Exercise -
All of the records must come back exactly as they were given.

****

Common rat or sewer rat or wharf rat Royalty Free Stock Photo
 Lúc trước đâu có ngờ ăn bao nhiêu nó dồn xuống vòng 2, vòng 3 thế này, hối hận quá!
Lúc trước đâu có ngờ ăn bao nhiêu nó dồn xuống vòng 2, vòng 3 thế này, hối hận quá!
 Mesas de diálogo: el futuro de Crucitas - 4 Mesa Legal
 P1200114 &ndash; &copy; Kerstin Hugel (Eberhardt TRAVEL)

****

Solution below -
Common rat or sewer rat or wharf rat Royalty Free Stock Photo
 Lúc trước đâu có ngờ ăn bao nhiêu nó dồn xuống vòng 2, vòng 3 thế này, hối hận quá!
Lúc trước đâu có ngờ ăn bao nhiêu nó dồn xuống vòng 2, vòng 3 thế này, hối hận quá!
 Mesas de diálogo: el futuro de Crucitas - 4 Mesa Legal
 P1200114 &ndash; &copy; Kerstin Hugel (Eberhardt TRAVEL)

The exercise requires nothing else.